Se i telefonici – ma la lettera raccomandata è stata inviata anche a Canal+ di Vincent Bolloré – non pagano, i telespettatori che guardano la tv attraverso una «livebox» fornita da Orange o da Sfr o dalla stessa Bouygues, e sono il 44% dei francesi (il resto utilizza il digitale terrestre o il satellite) secondo le rilevazioni dell’Ifop, Institut français de l’opinion publique, da domenica prossima si troveranno davanti a uno schermo nero.
Nel frattempo saranno partite le diffide giudiziarie tra i protagonisti di questa «drole de guerre», di questa bizzarra guerra televisiva che non si capisce bene perché sia scoppiata e a quale esito o armistizio possa portare. «I telefonici incassano fior di abbonamenti per i loro pacchetti tv all’interno dei quali i contenuti prodotti dagli editori come TF1 pesano più di due terzi dell’offerta complessiva tra notiziari, reportage, serie, programmi di ogni genere. È giusto che paghino, così come pagano cifre impressionanti per accaparrarsi i diritti del calcio e di altri sport popolari», fa sapere, attraverso i suoi collaboratori che rispondono «off the record» ai giornalisti, il gran capo Pelisson, assunto l’anno scorso dal vecchio Martin Bouygues con l’incarico preciso di rimettere in ordine i bilanci della sua rete televisiva.
Gli ha risposto, a muso duro com’è nel suo stile muscolare, il gran capo di Orange, Stéphan Richard, durante la convention del gruppo a «Show Hello», la grande vetrina annuale delle innovazioni telecom: «Mi auguro che monsieur Pelisson non abbia perso la testa quando ci ha minacciato tutti, noi di Orange e i nostri concorrenti tra cui la stessa telecom di famiglia (la Bouygues Telecom, ndr), di spegnere il segnale.
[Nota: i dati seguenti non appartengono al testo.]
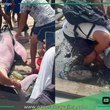 Delfín rosado en peligro de extinción es liberado en el río Itaya.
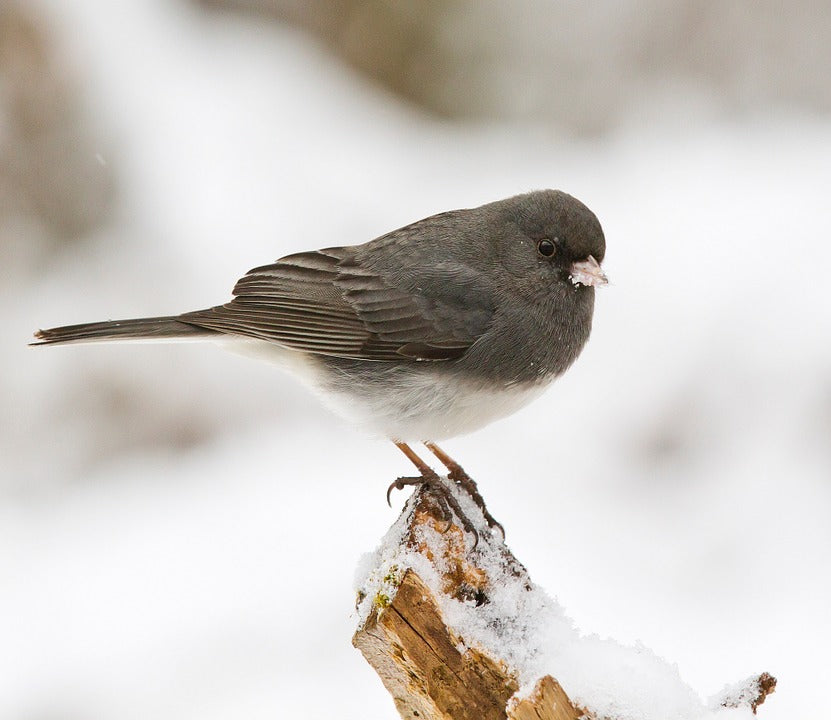 dark-eyed-junco-in-winter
Voglio proprio vedere se ha il coraggio di farlo, dal momento che TF1 realizza il 25% dei suoi ascolti attraverso i nostri decoder. Senza il supporto di Orange e delle telecom, TF1 non va da nessuna parte».
E per risultare ancora più convincente Richard, che è un tipo che non le manda a dire (per esempio, quando Bolloré disse che era pronto a entrare in Orange, magari via Telecom Italia, gli rispose a mezzo stampa affermando che solo lui, poteva decidere sul parterre degli azionisti); Richard, dicevamo, ha sganciato l’arma fine-di-mondo: «Si ricordino a TF1 che Orange e i telefonici sono i primi investitori pubblicitari delle loro televisioni. Di quattrini ne versiamo già parecchi, forse troppi rispetto agli indici di ascolto misurati da Mediamétrie e da altri osservatori del mercato».
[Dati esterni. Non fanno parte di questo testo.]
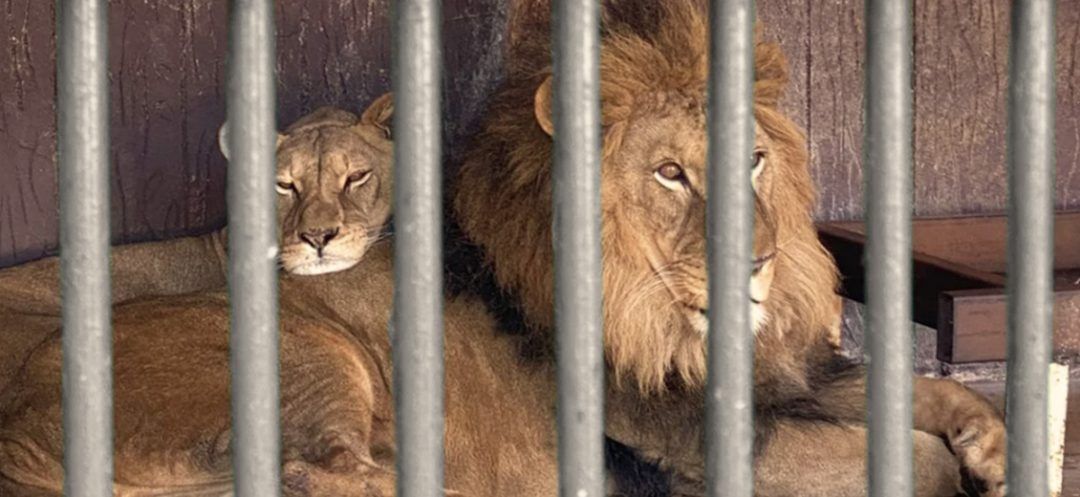 Trapped, Starved, and Abused: The Uncertain Fate of Lebanon’s Zoo Animals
Argomento, questo degli investimenti pubblicitari sulle tv generaliste e gratuite, come appunto TF1, estremamente delicato. Perché senza la pubblicità le tv generaliste non vivono (l’emittente pubblica, France Télévisions, può contare su 2 miliardi di «recettes publiques», di finanziamenti da parte dello Stato) e TF1 lo sta sperimentando, in qualche modo, sulla sua pelle. Solo nei primi tre mesi di quest’anno ha perso 13milioni di raccolta che sono andati sostanzialmente su Internet, sulle piattaforme del trio Gafa, Google-Amazon-Facebook.
Ecco come si spiegano il nervosismo di Pelisson, la lettera-ultimatum, la minaccia di oscurare il segnale domenica prossima. Difficile che finisca così, ovviamente. Anche se in questi ultimi giorni Pelisson ha trovato la solidarietà e l’appoggio di un concorrente importante come Nicolas de Tavernost, che guida con successo la rete M6 (proprietà dei tedeschi di Bertelsmann), quella che nel 2016 è cresciuta di più ed è molto seguita da un pubblico (relativamente) giovane.
La morale della storia è che, alla fine, televisivi e telefonici, allo stato delle cose (e della tecnologia), hanno bisogno uno dell’altro. E le guerre, come si sa, non giovano a nessuno. Sarà, dunque, «pax televisiva» anche in Francia.